Copy each line of the data below, character for character.

********************

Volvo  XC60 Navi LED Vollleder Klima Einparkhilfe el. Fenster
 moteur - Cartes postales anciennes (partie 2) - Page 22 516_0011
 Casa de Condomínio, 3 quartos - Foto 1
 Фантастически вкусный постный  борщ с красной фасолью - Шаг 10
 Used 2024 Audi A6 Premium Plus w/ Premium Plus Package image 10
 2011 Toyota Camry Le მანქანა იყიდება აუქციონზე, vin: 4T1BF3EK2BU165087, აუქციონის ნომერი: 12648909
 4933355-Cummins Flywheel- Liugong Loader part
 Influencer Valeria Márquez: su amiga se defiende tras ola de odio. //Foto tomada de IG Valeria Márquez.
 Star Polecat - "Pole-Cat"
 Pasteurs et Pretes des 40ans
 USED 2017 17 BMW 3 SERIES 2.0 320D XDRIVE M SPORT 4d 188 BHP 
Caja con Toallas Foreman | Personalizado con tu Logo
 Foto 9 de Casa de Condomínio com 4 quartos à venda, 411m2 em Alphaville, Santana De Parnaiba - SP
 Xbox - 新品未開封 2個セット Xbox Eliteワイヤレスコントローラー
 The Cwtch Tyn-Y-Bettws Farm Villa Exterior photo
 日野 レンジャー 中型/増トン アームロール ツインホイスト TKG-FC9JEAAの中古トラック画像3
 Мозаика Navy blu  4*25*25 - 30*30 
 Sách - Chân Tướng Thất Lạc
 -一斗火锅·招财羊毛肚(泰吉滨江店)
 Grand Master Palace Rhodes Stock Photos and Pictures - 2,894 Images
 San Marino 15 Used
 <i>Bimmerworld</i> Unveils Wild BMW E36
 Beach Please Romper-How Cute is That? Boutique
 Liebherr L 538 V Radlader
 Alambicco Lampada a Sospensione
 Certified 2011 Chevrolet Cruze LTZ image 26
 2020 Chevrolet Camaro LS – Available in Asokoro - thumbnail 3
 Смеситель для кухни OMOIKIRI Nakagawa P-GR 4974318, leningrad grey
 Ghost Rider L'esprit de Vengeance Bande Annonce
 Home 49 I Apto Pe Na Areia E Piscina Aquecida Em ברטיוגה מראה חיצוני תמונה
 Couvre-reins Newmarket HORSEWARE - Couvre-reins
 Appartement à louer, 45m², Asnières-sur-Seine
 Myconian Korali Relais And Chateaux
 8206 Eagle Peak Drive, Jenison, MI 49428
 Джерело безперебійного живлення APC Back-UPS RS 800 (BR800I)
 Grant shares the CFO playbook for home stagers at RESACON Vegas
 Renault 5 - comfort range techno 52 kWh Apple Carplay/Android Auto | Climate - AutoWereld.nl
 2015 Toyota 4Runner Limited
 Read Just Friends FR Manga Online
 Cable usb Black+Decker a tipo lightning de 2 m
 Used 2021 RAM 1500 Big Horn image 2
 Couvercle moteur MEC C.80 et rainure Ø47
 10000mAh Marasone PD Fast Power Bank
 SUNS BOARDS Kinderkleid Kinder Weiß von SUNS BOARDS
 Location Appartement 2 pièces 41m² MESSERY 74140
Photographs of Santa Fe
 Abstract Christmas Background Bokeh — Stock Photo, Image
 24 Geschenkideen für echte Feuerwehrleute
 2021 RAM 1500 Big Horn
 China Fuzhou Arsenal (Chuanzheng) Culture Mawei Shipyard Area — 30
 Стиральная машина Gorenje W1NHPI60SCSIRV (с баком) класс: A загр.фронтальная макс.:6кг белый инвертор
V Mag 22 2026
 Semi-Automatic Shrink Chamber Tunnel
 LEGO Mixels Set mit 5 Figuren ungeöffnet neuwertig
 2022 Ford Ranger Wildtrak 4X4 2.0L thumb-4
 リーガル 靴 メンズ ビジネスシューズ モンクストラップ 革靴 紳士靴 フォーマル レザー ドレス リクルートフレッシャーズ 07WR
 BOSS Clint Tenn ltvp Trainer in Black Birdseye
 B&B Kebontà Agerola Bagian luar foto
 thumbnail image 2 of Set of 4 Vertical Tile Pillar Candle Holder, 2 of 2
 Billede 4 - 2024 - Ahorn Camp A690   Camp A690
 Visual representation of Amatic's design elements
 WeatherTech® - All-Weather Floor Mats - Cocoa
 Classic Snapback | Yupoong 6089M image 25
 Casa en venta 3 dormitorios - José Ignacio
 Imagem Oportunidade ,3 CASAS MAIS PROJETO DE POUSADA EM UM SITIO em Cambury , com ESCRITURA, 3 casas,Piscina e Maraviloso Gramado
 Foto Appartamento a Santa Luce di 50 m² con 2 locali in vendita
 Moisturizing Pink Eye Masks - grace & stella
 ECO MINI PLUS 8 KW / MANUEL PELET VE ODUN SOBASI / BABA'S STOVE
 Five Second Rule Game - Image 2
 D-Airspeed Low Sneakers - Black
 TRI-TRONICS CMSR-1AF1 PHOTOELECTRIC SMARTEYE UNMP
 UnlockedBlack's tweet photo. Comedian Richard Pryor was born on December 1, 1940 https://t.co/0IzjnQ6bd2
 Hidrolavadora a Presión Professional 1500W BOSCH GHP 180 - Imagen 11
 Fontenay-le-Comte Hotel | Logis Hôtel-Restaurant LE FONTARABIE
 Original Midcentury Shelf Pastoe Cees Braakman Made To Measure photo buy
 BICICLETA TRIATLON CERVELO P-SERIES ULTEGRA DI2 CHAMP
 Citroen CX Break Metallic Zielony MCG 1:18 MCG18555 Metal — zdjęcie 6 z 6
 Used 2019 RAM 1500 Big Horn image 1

********************

- _Result of the exercise_:
Volvo  XC60 Navi LED Vollleder Klima Einparkhilfe el. Fenster
 moteur - Cartes postales anciennes (partie 2) - Page 22 516_0011
 Casa de Condomínio, 3 quartos - Foto 1
 Фантастически вкусный постный  борщ с красной фасолью - Шаг 10
 Used 2024 Audi A6 Premium Plus w/ Premium Plus Package image 10
 2011 Toyota Camry Le მანქანა იყიდება აუქციონზე, vin: 4T1BF3EK2BU165087, აუქციონის ნომერი: 12648909
 4933355-Cummins Flywheel- Liugong Loader part
 Influencer Valeria Márquez: su amiga se defiende tras ola de odio. //Foto tomada de IG Valeria Márquez.
 Star Polecat - "Pole-Cat"
 Pasteurs et Pretes des 40ans
 USED 2017 17 BMW 3 SERIES 2.0 320D XDRIVE M SPORT 4d 188 BHP 
Caja con Toallas Foreman | Personalizado con tu Logo
 Foto 9 de Casa de Condomínio com 4 quartos à venda, 411m2 em Alphaville, Santana De Parnaiba - SP
 Xbox - 新品未開封 2個セット Xbox Eliteワイヤレスコントローラー
 The Cwtch Tyn-Y-Bettws Farm Villa Exterior photo
 日野 レンジャー 中型/増トン アームロール ツインホイスト TKG-FC9JEAAの中古トラック画像3
 Мозаика Navy blu  4*25*25 - 30*30 
 Sách - Chân Tướng Thất Lạc
 -一斗火锅·招财羊毛肚(泰吉滨江店)
 Grand Master Palace Rhodes Stock Photos and Pictures - 2,894 Images
 San Marino 15 Used
 <i>Bimmerworld</i> Unveils Wild BMW E36
 Beach Please Romper-How Cute is That? Boutique
 Liebherr L 538 V Radlader
 Alambicco Lampada a Sospensione
 Certified 2011 Chevrolet Cruze LTZ image 26
 2020 Chevrolet Camaro LS – Available in Asokoro - thumbnail 3
 Смеситель для кухни OMOIKIRI Nakagawa P-GR 4974318, leningrad grey
 Ghost Rider L'esprit de Vengeance Bande Annonce
 Home 49 I Apto Pe Na Areia E Piscina Aquecida Em ברטיוגה מראה חיצוני תמונה
 Couvre-reins Newmarket HORSEWARE - Couvre-reins
 Appartement à louer, 45m², Asnières-sur-Seine
 Myconian Korali Relais And Chateaux
 8206 Eagle Peak Drive, Jenison, MI 49428
 Джерело безперебійного живлення APC Back-UPS RS 800 (BR800I)
 Grant shares the CFO playbook for home stagers at RESACON Vegas
 Renault 5 - comfort range techno 52 kWh Apple Carplay/Android Auto | Climate - AutoWereld.nl
 2015 Toyota 4Runner Limited
 Read Just Friends FR Manga Online
 Cable usb Black+Decker a tipo lightning de 2 m
 Used 2021 RAM 1500 Big Horn image 2
 Couvercle moteur MEC C.80 et rainure Ø47
 10000mAh Marasone PD Fast Power Bank
 SUNS BOARDS Kinderkleid Kinder Weiß von SUNS BOARDS
 Location Appartement 2 pièces 41m² MESSERY 74140
Photographs of Santa Fe
 Abstract Christmas Background Bokeh — Stock Photo, Image
 24 Geschenkideen für echte Feuerwehrleute
 2021 RAM 1500 Big Horn
 China Fuzhou Arsenal (Chuanzheng) Culture Mawei Shipyard Area — 30
 Стиральная машина Gorenje W1NHPI60SCSIRV (с баком) класс: A загр.фронтальная макс.:6кг белый инвертор
V Mag 22 2026
 Semi-Automatic Shrink Chamber Tunnel
 LEGO Mixels Set mit 5 Figuren ungeöffnet neuwertig
 2022 Ford Ranger Wildtrak 4X4 2.0L thumb-4
 リーガル 靴 メンズ ビジネスシューズ モンクストラップ 革靴 紳士靴 フォーマル レザー ドレス リクルートフレッシャーズ 07WR
 BOSS Clint Tenn ltvp Trainer in Black Birdseye
 B&B Kebontà Agerola Bagian luar foto
 thumbnail image 2 of Set of 4 Vertical Tile Pillar Candle Holder, 2 of 2
 Billede 4 - 2024 - Ahorn Camp A690   Camp A690
 Visual representation of Amatic's design elements
 WeatherTech® - All-Weather Floor Mats - Cocoa
 Classic Snapback | Yupoong 6089M image 25
 Casa en venta 3 dormitorios - José Ignacio
 Imagem Oportunidade ,3 CASAS MAIS PROJETO DE POUSADA EM UM SITIO em Cambury , com ESCRITURA, 3 casas,Piscina e Maraviloso Gramado
 Foto Appartamento a Santa Luce di 50 m² con 2 locali in vendita
 Moisturizing Pink Eye Masks - grace & stella
 ECO MINI PLUS 8 KW / MANUEL PELET VE ODUN SOBASI / BABA'S STOVE
 Five Second Rule Game - Image 2
 D-Airspeed Low Sneakers - Black
 TRI-TRONICS CMSR-1AF1 PHOTOELECTRIC SMARTEYE UNMP
 UnlockedBlack's tweet photo. Comedian Richard Pryor was born on December 1, 1940 https://t.co/0IzjnQ6bd2
 Hidrolavadora a Presión Professional 1500W BOSCH GHP 180 - Imagen 11
 Fontenay-le-Comte Hotel | Logis Hôtel-Restaurant LE FONTARABIE
 Original Midcentury Shelf Pastoe Cees Braakman Made To Measure photo buy
 BICICLETA TRIATLON CERVELO P-SERIES ULTEGRA DI2 CHAMP
 Citroen CX Break Metallic Zielony MCG 1:18 MCG18555 Metal — zdjęcie 6 z 6
 Used 2019 RAM 1500 Big Horn image 1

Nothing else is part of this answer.